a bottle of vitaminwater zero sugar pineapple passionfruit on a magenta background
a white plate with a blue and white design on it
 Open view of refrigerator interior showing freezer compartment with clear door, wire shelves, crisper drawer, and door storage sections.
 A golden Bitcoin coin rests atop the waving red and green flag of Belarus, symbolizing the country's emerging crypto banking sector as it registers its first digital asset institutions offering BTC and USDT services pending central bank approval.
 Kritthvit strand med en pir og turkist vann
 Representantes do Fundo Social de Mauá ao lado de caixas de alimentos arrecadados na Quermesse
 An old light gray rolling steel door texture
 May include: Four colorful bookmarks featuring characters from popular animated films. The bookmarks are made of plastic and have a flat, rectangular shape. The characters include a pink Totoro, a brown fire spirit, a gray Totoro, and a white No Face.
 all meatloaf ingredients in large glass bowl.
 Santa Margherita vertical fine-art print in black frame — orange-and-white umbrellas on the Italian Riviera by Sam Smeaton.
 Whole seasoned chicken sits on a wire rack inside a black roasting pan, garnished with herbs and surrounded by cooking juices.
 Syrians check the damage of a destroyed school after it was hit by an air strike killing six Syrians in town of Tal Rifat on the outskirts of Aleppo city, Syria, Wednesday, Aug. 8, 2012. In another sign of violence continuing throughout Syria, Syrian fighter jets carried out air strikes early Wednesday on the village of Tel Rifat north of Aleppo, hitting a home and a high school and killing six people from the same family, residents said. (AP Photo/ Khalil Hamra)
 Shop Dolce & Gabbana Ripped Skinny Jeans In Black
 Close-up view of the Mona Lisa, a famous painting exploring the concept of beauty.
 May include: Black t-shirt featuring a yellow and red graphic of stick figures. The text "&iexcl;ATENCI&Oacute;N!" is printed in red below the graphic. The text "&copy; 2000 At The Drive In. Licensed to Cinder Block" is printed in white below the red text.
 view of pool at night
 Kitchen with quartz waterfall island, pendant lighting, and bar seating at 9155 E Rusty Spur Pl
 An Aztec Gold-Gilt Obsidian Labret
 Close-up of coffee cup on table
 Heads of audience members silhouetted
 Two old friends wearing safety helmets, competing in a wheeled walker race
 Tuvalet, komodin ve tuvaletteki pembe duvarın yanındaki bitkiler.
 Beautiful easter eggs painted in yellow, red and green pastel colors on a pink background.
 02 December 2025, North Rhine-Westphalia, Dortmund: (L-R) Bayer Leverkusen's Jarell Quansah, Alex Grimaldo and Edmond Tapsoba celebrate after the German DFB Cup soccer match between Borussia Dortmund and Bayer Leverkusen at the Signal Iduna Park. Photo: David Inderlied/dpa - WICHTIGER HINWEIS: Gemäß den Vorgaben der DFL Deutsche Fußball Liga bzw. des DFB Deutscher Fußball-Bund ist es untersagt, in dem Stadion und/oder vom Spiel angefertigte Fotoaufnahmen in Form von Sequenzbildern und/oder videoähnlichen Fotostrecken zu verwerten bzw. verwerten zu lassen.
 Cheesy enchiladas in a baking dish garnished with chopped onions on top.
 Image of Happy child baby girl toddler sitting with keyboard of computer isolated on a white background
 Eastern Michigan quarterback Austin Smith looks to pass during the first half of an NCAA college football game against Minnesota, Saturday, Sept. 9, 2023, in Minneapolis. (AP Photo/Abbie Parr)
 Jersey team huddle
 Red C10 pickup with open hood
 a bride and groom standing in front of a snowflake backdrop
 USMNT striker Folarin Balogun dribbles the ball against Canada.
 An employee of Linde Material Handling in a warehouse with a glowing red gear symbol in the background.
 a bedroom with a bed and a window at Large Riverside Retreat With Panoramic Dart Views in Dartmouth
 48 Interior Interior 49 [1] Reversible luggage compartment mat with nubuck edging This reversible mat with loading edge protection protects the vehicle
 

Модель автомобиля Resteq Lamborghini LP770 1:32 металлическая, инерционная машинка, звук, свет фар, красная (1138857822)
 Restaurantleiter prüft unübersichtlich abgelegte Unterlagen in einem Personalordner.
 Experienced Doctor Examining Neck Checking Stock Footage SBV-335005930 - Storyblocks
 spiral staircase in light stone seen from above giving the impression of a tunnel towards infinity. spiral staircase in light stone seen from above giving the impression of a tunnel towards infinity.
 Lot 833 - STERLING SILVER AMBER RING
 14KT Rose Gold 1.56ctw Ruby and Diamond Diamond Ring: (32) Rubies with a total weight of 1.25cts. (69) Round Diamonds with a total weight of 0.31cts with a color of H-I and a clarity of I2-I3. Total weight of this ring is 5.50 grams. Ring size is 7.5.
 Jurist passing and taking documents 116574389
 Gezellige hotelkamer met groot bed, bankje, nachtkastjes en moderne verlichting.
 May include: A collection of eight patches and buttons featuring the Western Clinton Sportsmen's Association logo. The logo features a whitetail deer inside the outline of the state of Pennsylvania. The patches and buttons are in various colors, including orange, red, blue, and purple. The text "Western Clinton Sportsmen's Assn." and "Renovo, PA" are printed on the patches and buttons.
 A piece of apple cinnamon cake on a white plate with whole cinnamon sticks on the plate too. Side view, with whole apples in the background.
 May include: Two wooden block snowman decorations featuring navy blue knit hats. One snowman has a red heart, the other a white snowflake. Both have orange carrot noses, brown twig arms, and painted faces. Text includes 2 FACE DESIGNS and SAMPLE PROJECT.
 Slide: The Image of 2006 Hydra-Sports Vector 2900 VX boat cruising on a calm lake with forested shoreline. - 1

§ WHAT TO DO: Go over the data and return every line that includes the word "wire".

§ ANSWER TO THIS PROBLEM:
 Open view of refrigerator interior showing freezer compartment with clear door, wire shelves, crisper drawer, and door storage sections.
 Whole seasoned chicken sits on a wire rack inside a black roasting pan, garnished with herbs and surrounded by cooking juices.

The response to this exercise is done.